Через всю повесть проходит образ Шпоньки.
Письмо Гоголя предельно сжато. Три странички первой главы повести с поразительным лаконизмом раскрывают истоки характера Шпоньки. Характер его — в полном отсутствии характера. Духовный мир этого человека совершенно ничтожен. Добрый, мягкий, улыбчивый, он не приспособлен ни к какому делу. Ему противопоказано любое умственное напряжение. Он не в состоянии ни о чем думать, ни о чем говорить. Несколько связных слов, иногда ненароком слетающих с его языка, вызывают в нем счастливое умиление тем, «что выговорил столь длинную и трудную фразу». А какая бездна юмора в одной крохотной сцене, изображающей сватовство Ивана Федоровича. Вот они сидят друг возле друга, Шпонька и белокурая барышня Машенька, мучительно раздумывая оба, что бы этакое сказать:
«Иван Федорович немного ободрился и хотел было начать разговор; но казалось, что все слова свои растерял он на дороге. Ни одна мысль не приходила на ум.
Молчание продолжалось около четверти часа. Барышня все так же сидела.
Наконец Иван Федорович собрался с духом: «Летом очень много мух, сударыня!» — произнес он полудрожащим голосом.
«Чрезвычайно много! — отвечала барышня. — Братец нарочно сделал хлопушку из старого маменькиного башмака; но все еще очень много».
Тут разговор опять прекратился. И Иван Федорович никаким образом уже не находил речи» (I, 305).

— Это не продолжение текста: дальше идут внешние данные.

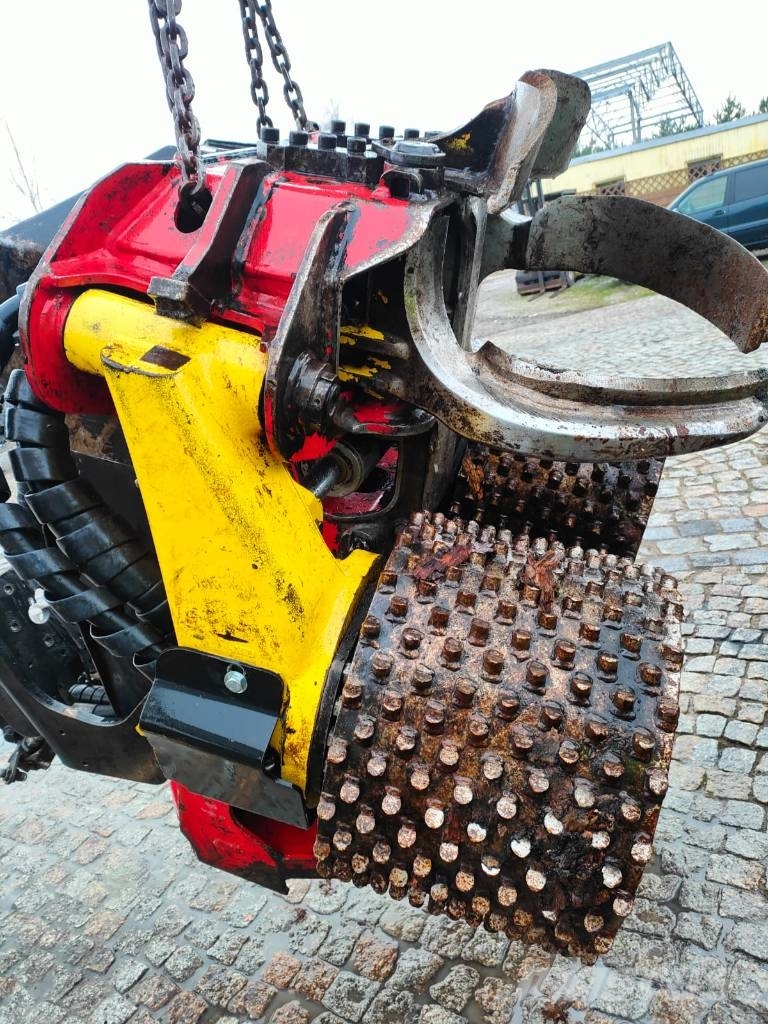 Waratah John Deere H270 Agaç kesme robotlari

В повести Гоголя выведены разнообразные типы. Рядом с никчемным Шпонькой мы встречаем бойкого и пройдошливого помещика Григория Григорьевича Сторченко — крикуна и забияку, чем-то нам предсказывающего будущего Ноздрева, видим говорливого Ивана Ивановича, неутомимую хлопотунью — матушку Григория Григорьевича, наконец — могучую телесами своими Василису Кашпоровну — деловитую тетушку Ивана Федоровича. Каждый из этих персонажей — характер тонко подмеченный и мастерски нарисованный пером двадцатидвухлетнего автора. Различные по своему темпераменту и нраву, они в конечном счете близки друг другу, представляя лишь разные грани помещичьего бытия.
Уже в этой ранней повести Гоголь демонстрирует свое поразительное искусство портретной живописи, умение одним резким штрихом вылепить характер.
Вот первое появление матушки Григория Григорьевича: «В то самое время вошла старушка, низенькая, совершенный кофейник в чепчике…» (I, 298).
А вот Иван Иванович подходит к стоящей на столе водке: «в долгополом сюртуке, с огромным стоячим воротником, закрывавшим весь его затылок, так что голова его сидела в воротнике, как будто в бричке» (I, 298).
А ежели хотите представить себе, как выглядит Григорий Григорьевич, — извольте: «Тут камердинер Григория Григорьевича стащил с него сюртук и сапоги и натянул вместо того халат, и Григорий Григорьевич повалился на постель, казалось, огромная перина легла на другую» (I, 292).
Необыкновенная пластика этих сравнений заставляет нас здесь вспомнить лучшие страницы «Мертвых душ».
Весело и, казалось бы, добродушно рисует Гоголь картину ничтожного в своей пошлости поместного быта. Он вроде бы ничего не осуждает и не обличает, он лишь лукаво усмехается над всем этим беспросветным убожеством, которое нераздельно царит здесь. Но неожиданно вы начинаете чувствовать, какая взрывчатая сила заключена в гоголевской усмешке. Чем спокойнее она кажется, тем более неумолимым становится истинное звучание гоголевской сатиры.
Повесть о Шпоньке осталась как бы незаконченной. Она обрывается почти на полуслове. После неудачного сватовства Ивана Федоровича Василису Кашпоровну осенил новый замысел, «о котором, — как замечает автор, — узнаете в следующей главе». Но тут-то повесть и обрывается. Казалось бы, на самом интересном месте…
Некоторые современные Гоголю критики именно так и восприняли повесть о Шпоньке — как фрагмент, как вещь незаконченную и высказывали по этому поводу сожаления. Иронически посмеиваясь над «Вечерами» — над простоватым их юмором и «малороссийским забавничаньем» молодого писателя, критик О. Сенковский выделял из общего ряда повесть «Иван Федорович Шпонька…» Она, по его словам, «есть единственная в целом сочинении повесть, в которой нет мужиков и казаков, и она именно столько занимательна, сколько нужно, чтоб пожалеть о том, что она не кончена».[79]